Her research is used to create pieces based in concepts that analyze space from the different artistic languages, understanding the influence of a certain context (geographic, ideological and emotional), and providing these clues to the person experiencing it. Her current line of research explores and focuses on the use of programming languages and software platforms used to synthesize audio and image and to analyze and process algorithmic compositions.

 Her work explores the idea of multiple screens and layers to create immersive atmospheres, looking for fractured image narratives and using generative sound to give the experience of discontinuity to the visitors.

Low-definition is a concept that Alvarez has adopted to merge the use of low-resolution technologies as well as techniques that derive from traditional analog procedures combined with innovative digital technologies.

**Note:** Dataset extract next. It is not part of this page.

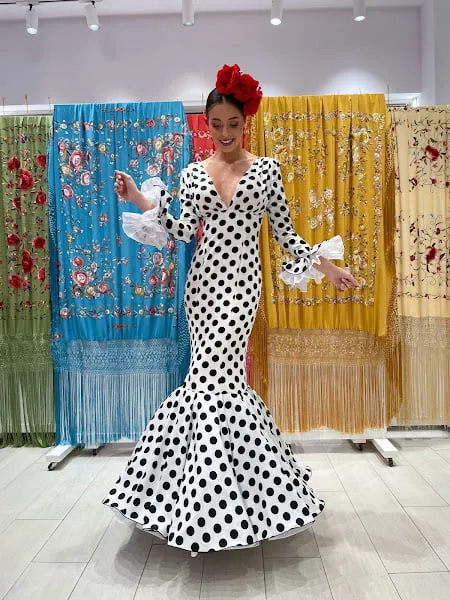 Viva La Feria Real robe flamenca à volant cancan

FLATUS VOCIS: The Ephemeral in the Permanence

“This project is aimed at expanding two-dimensional graphic statements into dialogues with three-dimensional. Through the use of a digital device (smartphone), viewers can activate the time factor and sensitive, perceptive qualities of drawing with augmented reality.

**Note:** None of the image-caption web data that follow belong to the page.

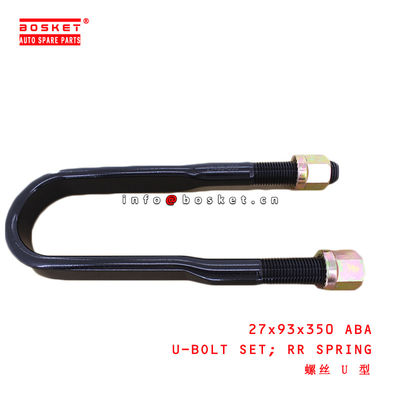 27x93x350 Rear Spring U-Bolt Set suitable for ISUZU OOTOKO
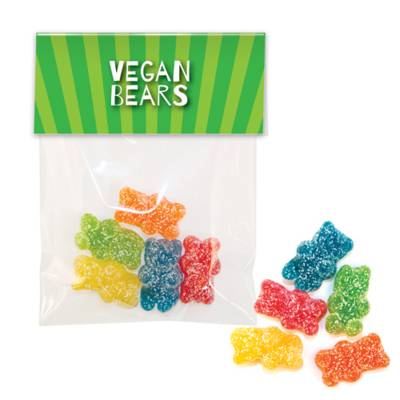 VEGAN JELLY BEARS SWEETS BAG with Header Card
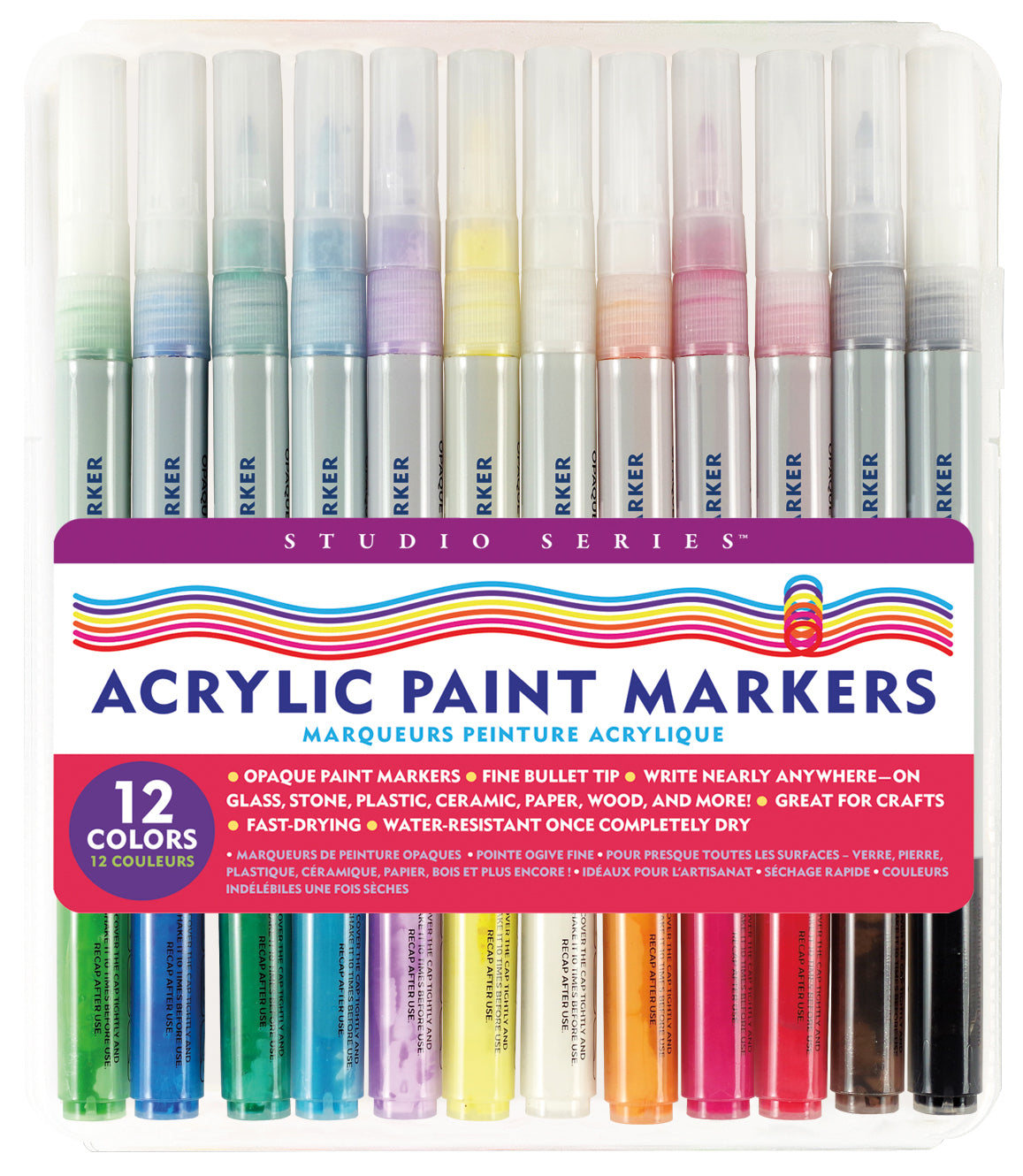 Studio Series Acrylic Paint Marker Set (12)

“The project consists of producing a series of drawings where the digital device serves as a facilitator for a dynamic close-up between the two-dimensional artwork and the sensory-space created through a screen.

“This project will present a series of drawings (permanence) where the viewer, if they wish, can activate the time factor using their smartphone digital device (ephemeral). Using augmented reality, this action, will temporarily convert two-dimensional representations into sculptural interpretations of paintings and still lifes that represent scenographies.

“The title Flatus vocis (“words empty of meaning”) connects both realities — the ephemeral and the permanence; the two-dimensional images will seek to represent the “disorder,” the “abandonment,” the “nothingness,” which — in Henri Bergson’s words — designate, rather, an order that does not interest us; it is our disappointment that is expressed when we call that presence, absence. Thus, our life passes filling “voids” that our intelligence conceives under the influence of desire and memory. The smartphone as an object, in this context, represents part of the problem for me.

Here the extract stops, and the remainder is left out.